_Directions for this task_
Start with the line that holds "at Vegetarian Food Studio in Cardiff". Please copy it and each remaining line below exactly, leaving pictures out.

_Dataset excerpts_
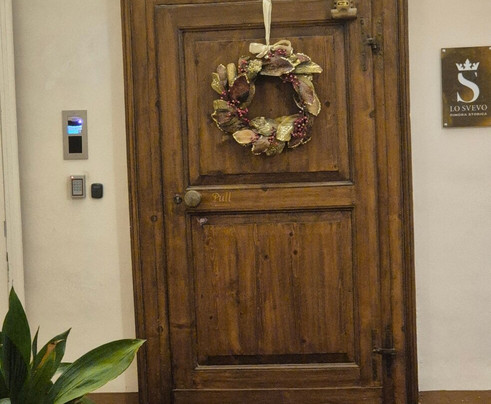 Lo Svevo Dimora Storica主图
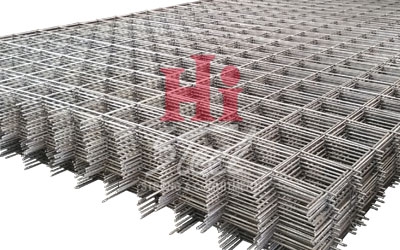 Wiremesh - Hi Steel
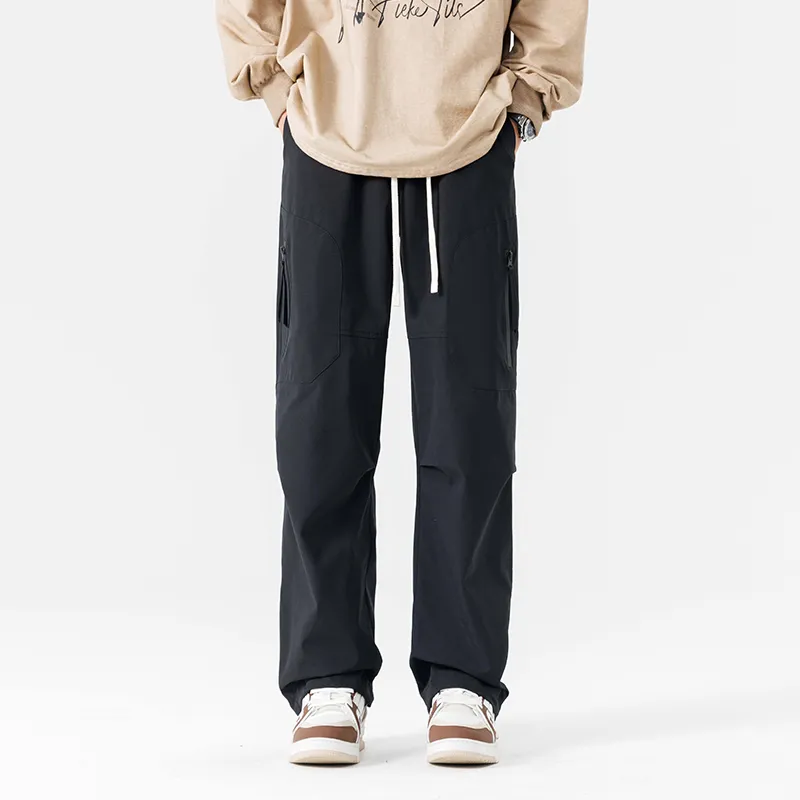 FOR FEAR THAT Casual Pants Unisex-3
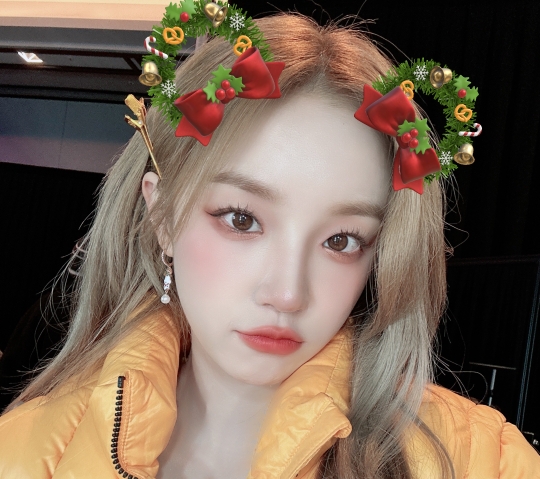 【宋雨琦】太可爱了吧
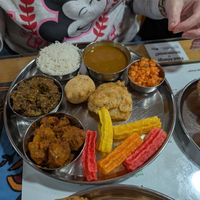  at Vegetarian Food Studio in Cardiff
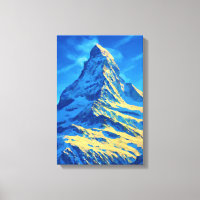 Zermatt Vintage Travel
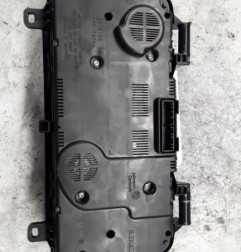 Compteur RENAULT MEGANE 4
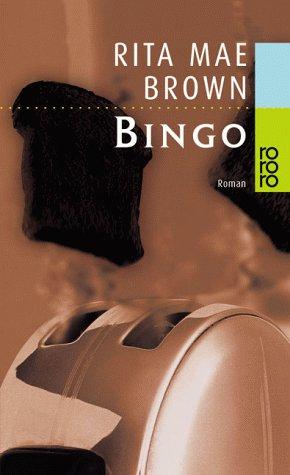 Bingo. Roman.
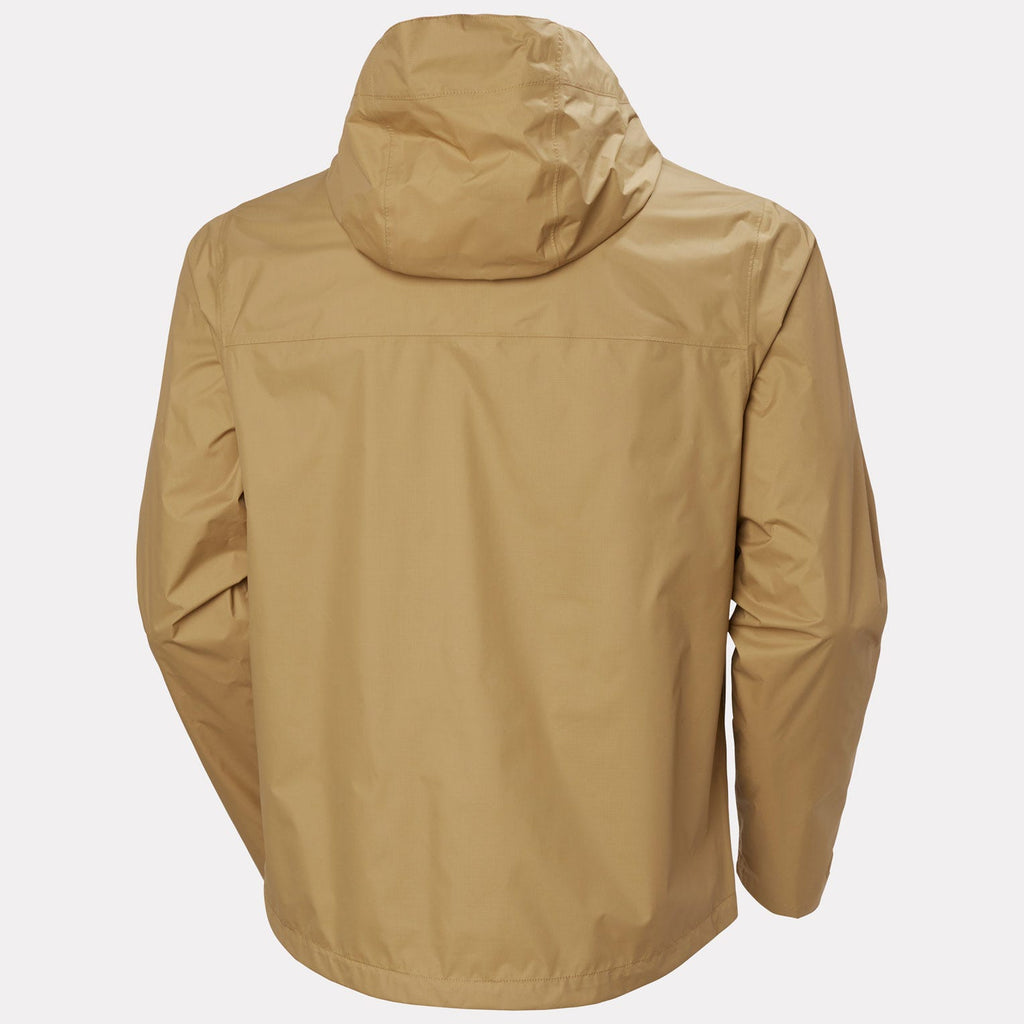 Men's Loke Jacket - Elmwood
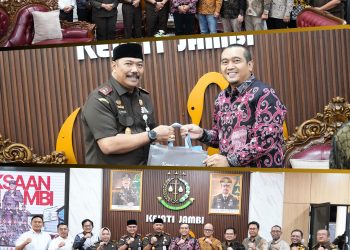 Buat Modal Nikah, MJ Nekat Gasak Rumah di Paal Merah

_Answer for the task_
  at Vegetarian Food Studio in Cardiff
 Zermatt Vintage Travel
 Compteur RENAULT MEGANE 4
 Bingo. Roman.
 Men's Loke Jacket - Elmwood
 Buat Modal Nikah, MJ Nekat Gasak Rumah di Paal Merah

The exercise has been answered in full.